In the Superior Court, lawyers, parties and clients must play a central role, if our reforms are to work.  Effective January 1, 2017, Superior Court Rule 20 and a Pilot Project for case management conferences (Standing Order 1-88(F)) give them significant input into scheduling, timing of settlement and ADR, eliminating unnecessary steps, streamlining discovery and trials, and addressing other common sources of delay.  Those initiatives reflect the work of an ad hoc committee, which included a cross-section of bar members, law professors and judges, chaired originally by now-retired Superior Court Judge Raymond Brassard and now by Superior Court Judge Bruce Henry.

Adopting these rules was the easy part.  Implementation is harder.  We realize that we are trying to change the culture.  For some reason, when I talk to bar groups, I hear mixed messages.  For instance, there seems to be a desire for more Rule 16 case management conferences, but a reluctance even to request them.  Apparently, there is a sense that judges won’t grant a Rule 16 conference; or that making the motion requires substantial motion practice, instead of simply asking for the conference.  If my assessment is correct, then both the bench and the bar – perhaps with urging from clients and insurers – may want to rethink some of the existing assumptions and “traditional wisdom” about what other participants in the system are thinking.  General counsel and other in-house counsel of any public or private entity that finds itself regularly involved in litigation also has a significant interest in reducing costs by asking trial counsel to use these new rules.

We have tried to make it as easy as possible for lawyers and parties to do so.
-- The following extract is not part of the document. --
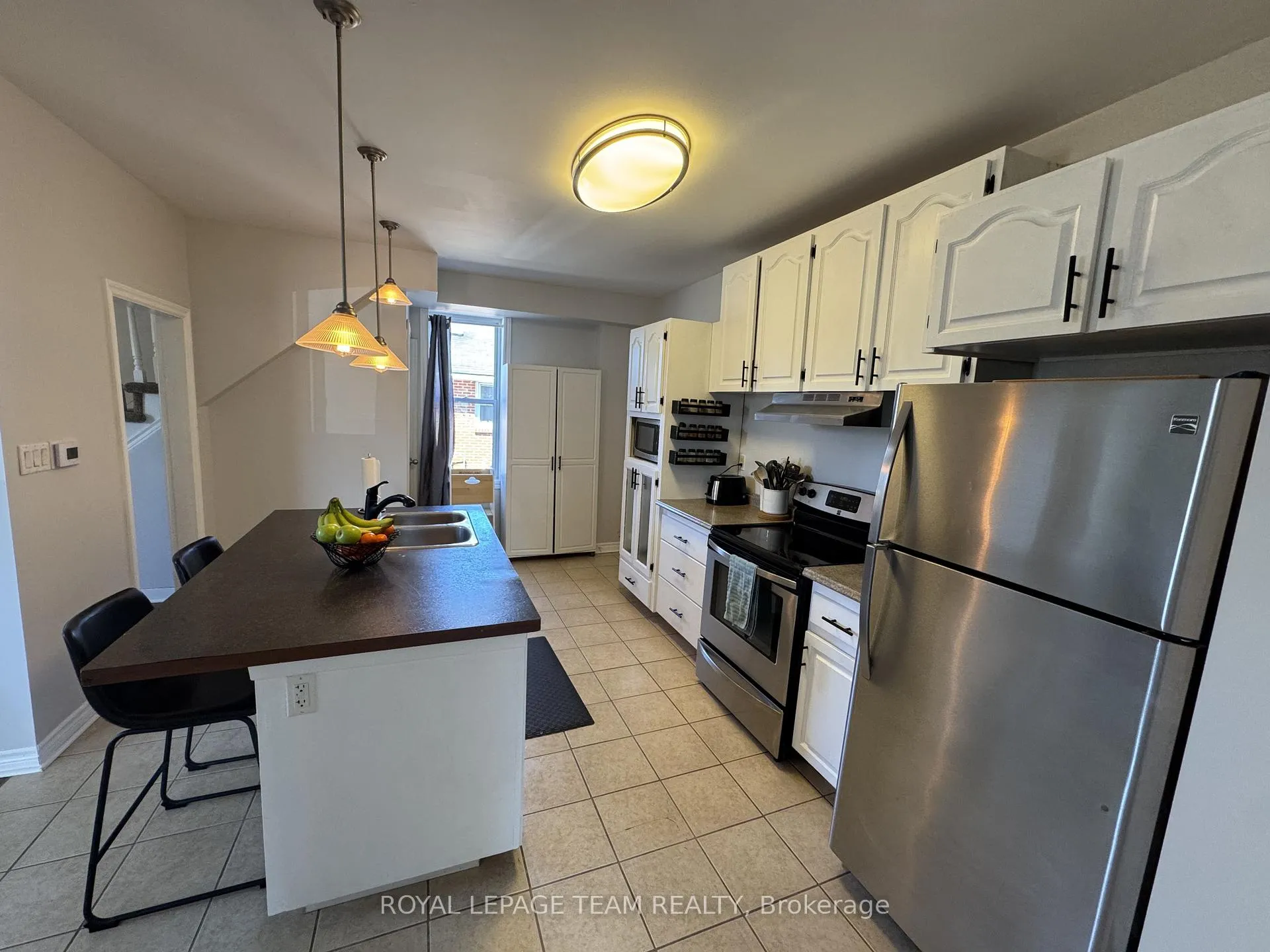 Photo 8 of 299 Elgin Street W, Arnprior — HOMEH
A standard Rule 20 motion appears, in a fillable PDF, on the Superior Court’s web site.  The motion may be joint or contested.  You don’t have to think up (or fight about) an agenda; the form motion already contains one.  Notices for Pilot Project case management conferences are already being sent by court clerks in employment, real estate, construction, products liability cases and, upon request, in other case categories.  Preparation for these case management conferences includes filling out a case management report (Standing Order 1-88, Appendix A) and exchanging a demand and response.

The forms and Rule 20 itself list a wide and self-explanatory menu of options, too long to discuss in this article.  The nature and benefits of most of these options are probably self-explanatory.  If the Court approves an individual track (schedule) for your case, then the one-size-fits-all deadlines of Standing Order 1-88 no longer apply to that case.  See Amended Standing Order 1-88(B)(2) (“Individual Track”)
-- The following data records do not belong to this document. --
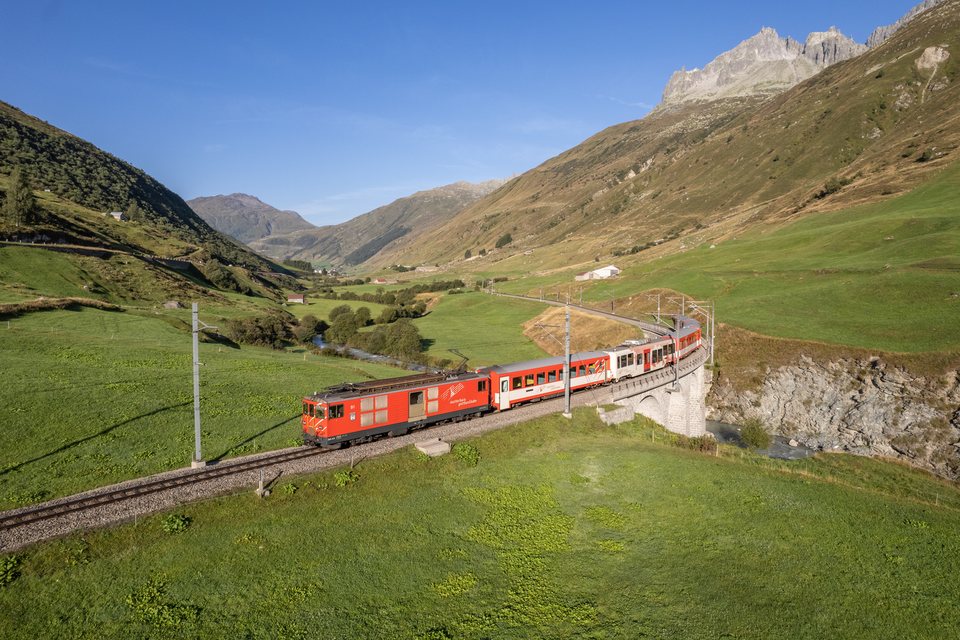 MGB (Matterhorn Gotthard Bahn): MGB Deh 4/4 II (Hospenthal, UR/CH)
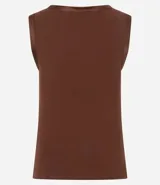 Musculosa blanca de punto con cuello redondo y sisas con detalle satinado.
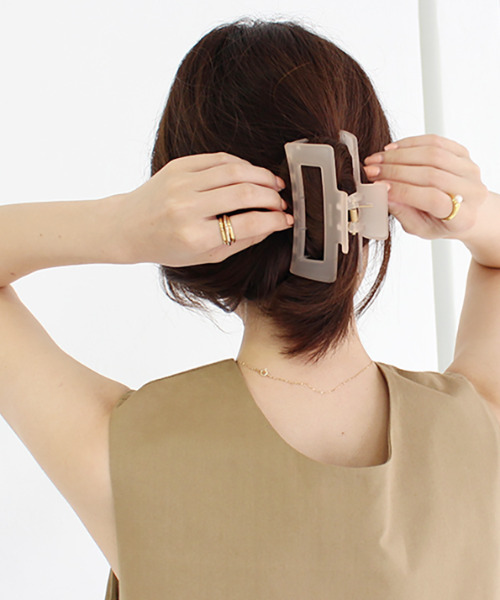 MODE ROBE（モードローブ）の「マットヘアクリップ（バレッタ/ヘアクリップ・レディース・ライトベージュ/ピンク/アイボリー・FREE）」の22枚目の写真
It may be useful, though, to mention one option that can address a common concern – issuance of written findings in bench trials.  The current process starts with a potentially costly and time-consuming need for the parties to prepare detailed proposed findings of fact.  After the trial, the parties often ask to submit additional findings to conform to the evidence. That takes more lawyer hours and additional time. The judge may need significant time to issued detailed findings, particularly where exhibits and testimony are voluminous and a transcript is not immediately forthcoming.  All the while, the judge is probably ready to decide the case at the close of the evidence.  And yet, the detailed written findings required by Rule 52(a) often are not worth the expense, effort and delay.  Unless there is some actual need for detailed written findings for appeal purposes (or otherwise), the parties will save significant legal expense by having the judge issue a decision in a form that is the same or similar to the “verdict slip” in a jury trial, perhaps after a conference to specify the rules of law the judge will apply.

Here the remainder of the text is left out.